*Assignment:*
The data below should be retyped exactly, with the pictures left out.

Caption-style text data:
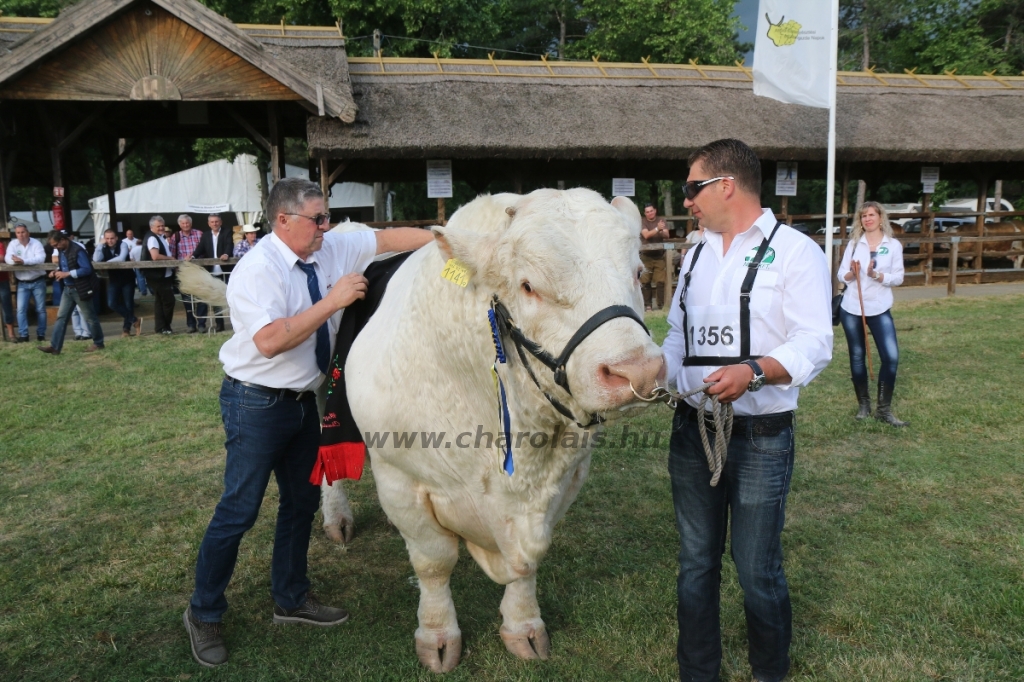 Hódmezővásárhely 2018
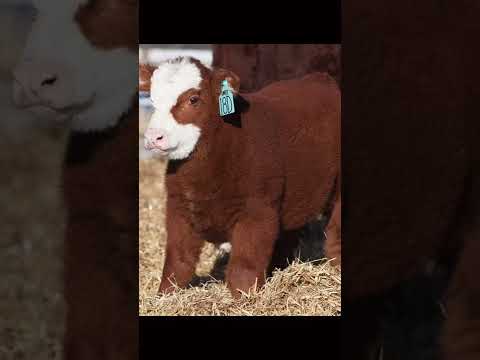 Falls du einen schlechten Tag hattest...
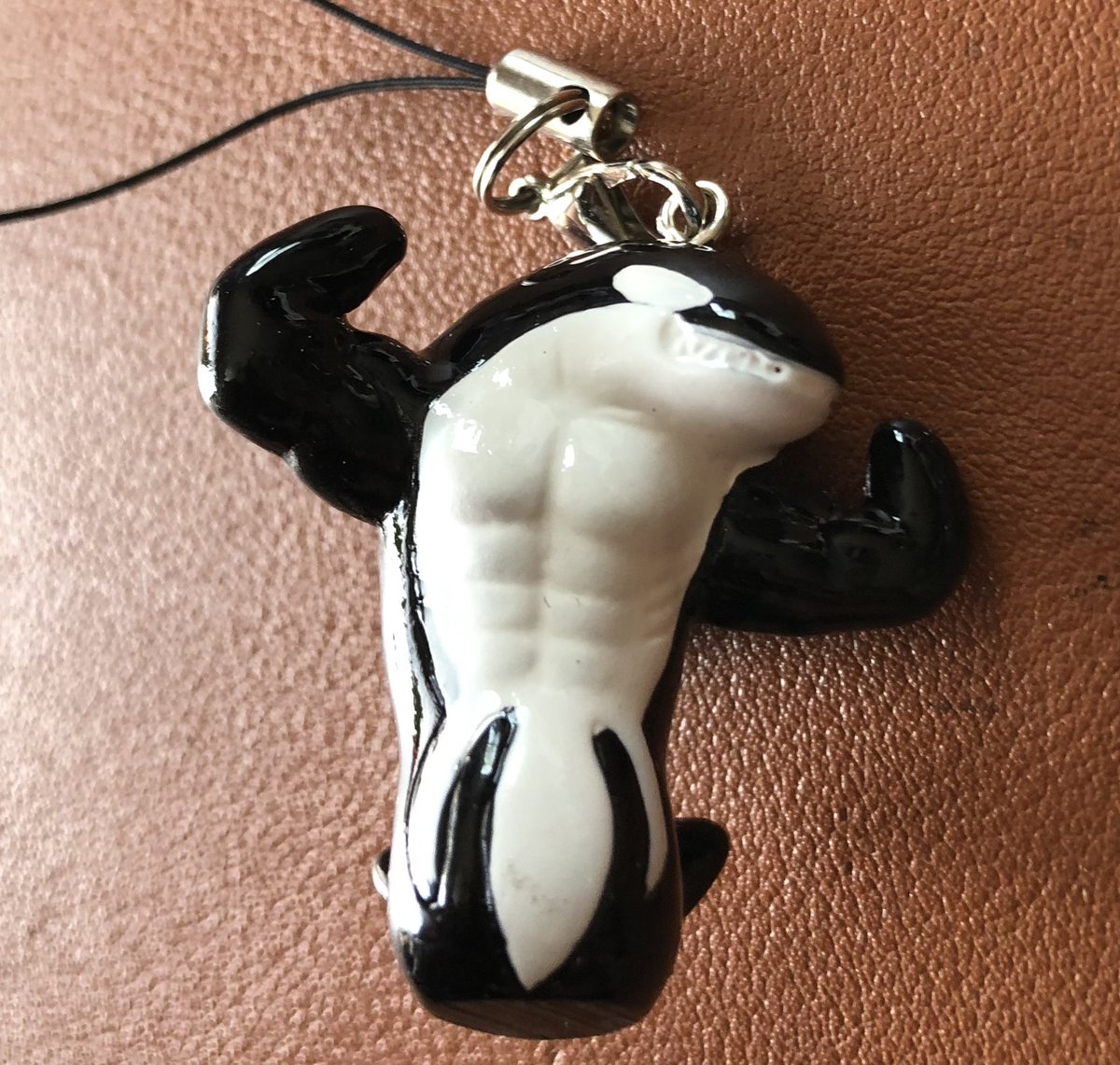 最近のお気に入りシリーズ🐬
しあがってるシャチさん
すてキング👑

*Answer to the problem:*
 Hódmezővásárhely 2018
 Falls du einen schlechten Tag hattest...
 最近のお気に入りシリーズ🐬
しあがってるシャチさん
すてキング👑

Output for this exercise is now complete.